Dr. Prof.P.K.Deshmukh Dr. Prof. A.B.Bagwan, Mrs. D.S.Naigaonkar,

  1. ABSTRACT

    Many researchers proposed IDS to collect the network data and use the information from known types of attacks in order to detect the network hacking or attacks or anomalous activities. Using intrusion detection methods, we can collect and use information from known types of attacks and find out if someone is trying to attack your network or particular hosts. Recently mobile agent based new IDS technique proposed for distributed networks, but according to literature survey it is clear that most MA-based IDS that are available are not quite effective because their time to detection is high and detect limited intrusions. Thus in this paper we are proposing the Java agents based IDS system for efficient and effective intrusion detection over distributed network environment. The experimental result claims that proposed approach is more effective and efficient as compared to IDS systems previously proposed.

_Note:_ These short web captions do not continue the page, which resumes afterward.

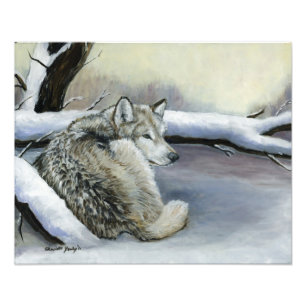 Loup s'étendant dans la copie de photo d'art de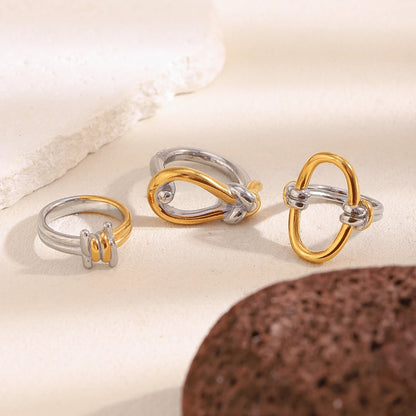MamacitaSlay 316L Stainless Steel Mixed Color Knot Shaped Hollow Ring 2025 New Trend Waterproof Ring Women's Creative Cool Ring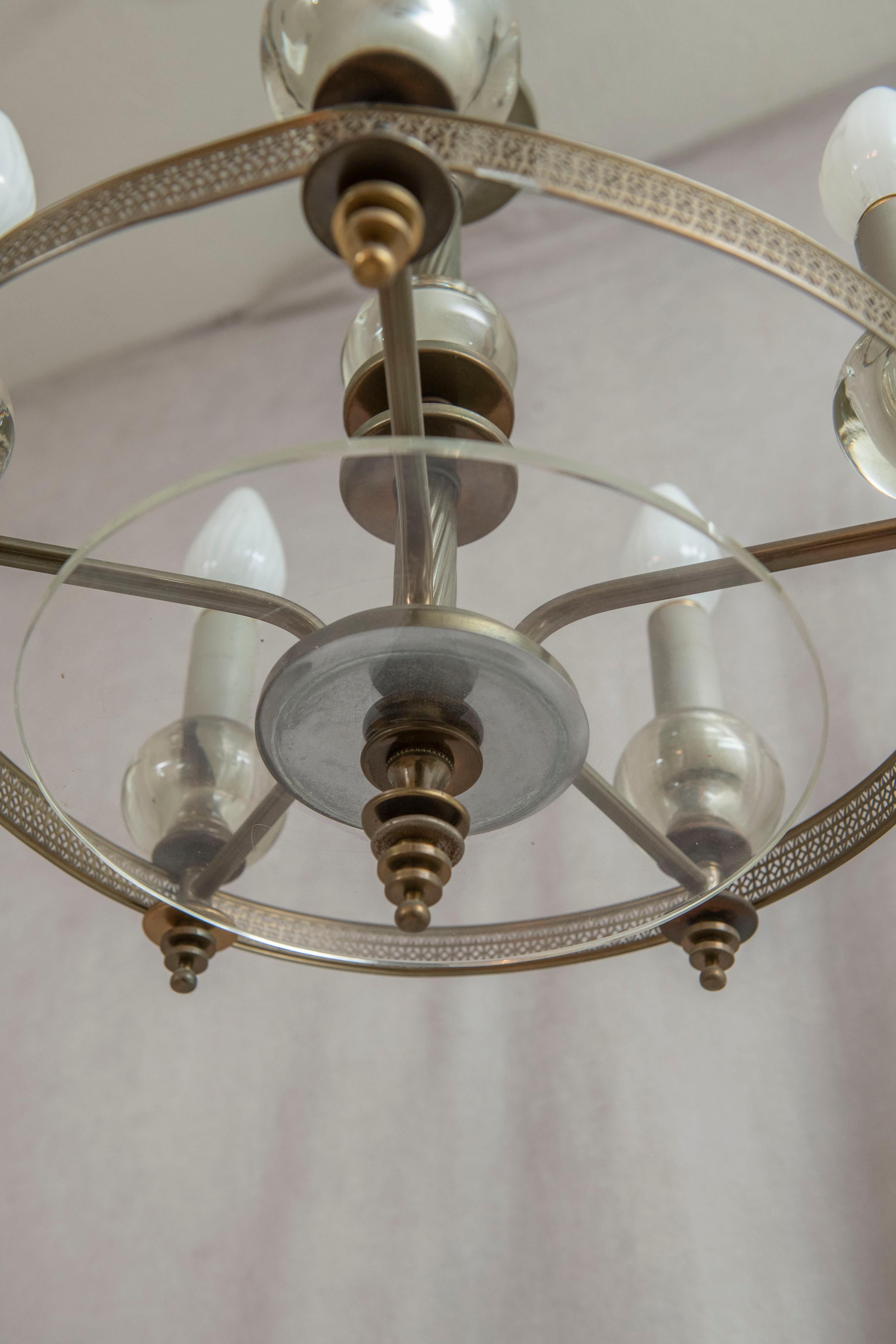 Metal Mid Century 5 Light Chandelier, Glass and Silver Plate, ca. 1940's For Sale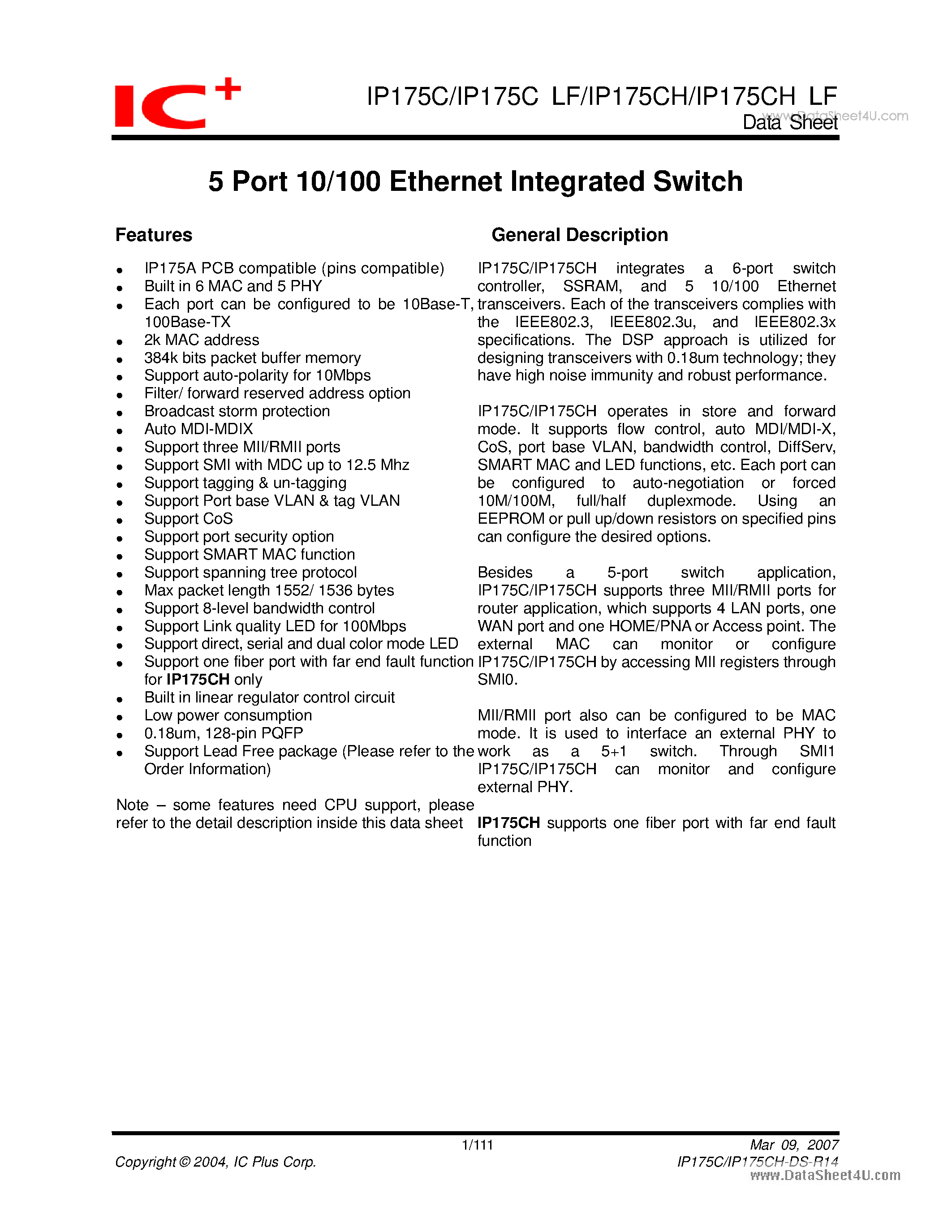 Даташит на микросхему IP175CH страница 1 Даташит IP175CH - 5 Port 10/100 Ethernet Integrated Switch страница 1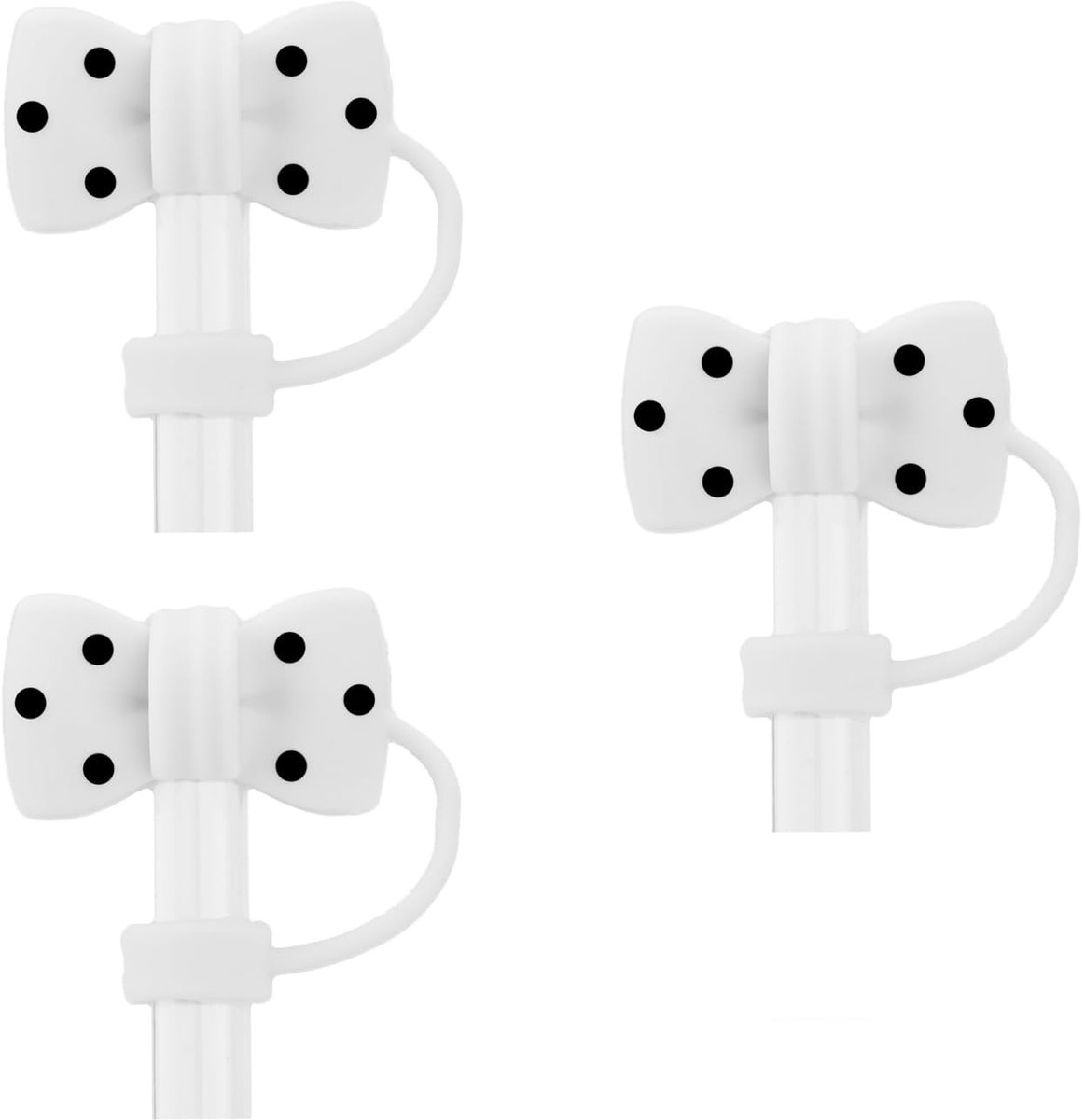 Dailygoods - Set van 3 Siliconen Rietje Hoezen met Strikvorm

    Index Terms IDS, SNORT, JAVA Agents, Multi Agents, Mobile nodes, Bro database.

  2. INTRODUCTION

    Due to the remarkable growth in network based services as well as sensitive data communication over networks, security of networks is becoming more important. Now days security is always major concern over the all kinds of networks used for enterprise environments. There are many attempts applied successfully by hackers and intruders in order to break the networks of high profile company and web services. To prevent such threats, different kinds of methods have been proposed over Internet such as encryption, firewalls, virtual private networks etc. In addition to these one more new technique is started appearing from last few years called as Intrusion Detection System (IDS) [1, 2].

    Hence the intrusion is nothing but the set of actions which deals with compromising the integrity, availability of resources or confidentiality of resources. Whenever the security vulnerabilities exploited by the attacker or

    attackers, this means that intrusion takes place and hence the CIA guarantees of system is violated. Hence the mechanism of intrusion detection is required for providing the additional security approach for securing the networks. This is way of detecting the illegitimate end users, vulnerabilities and attacks which could affect the basic computer systems functionality. However, IDS systems are having the following drawbacks:

    1. Delay of time.

    2. A single point of failure.

    3. Limited scalability.

    4. Hard to communicate mutually between different IDSs

    In order to solve the aforementioned shortcomings, mobile agent technology is currently applied to IDS. Mobile agent is a particular type of software agents which has the capability of moving from one host to another. It is an autonomous program situated within an environment, which senses the environment and acts upon it using its knowledge base to achieve its goals. Mobile agent is of the features of reducing network overload, overcoming network latency, synchronous and autonomous execution, robustness and fault-tolerance, system scalability and operating in heterogeneous environments. To this end, MA technology is very suitable to solve intrusion detection in a distributed environment (Chan & Wei, 2002), hence the advent of Mobile Agentbased IDS (MA-IDS) [3].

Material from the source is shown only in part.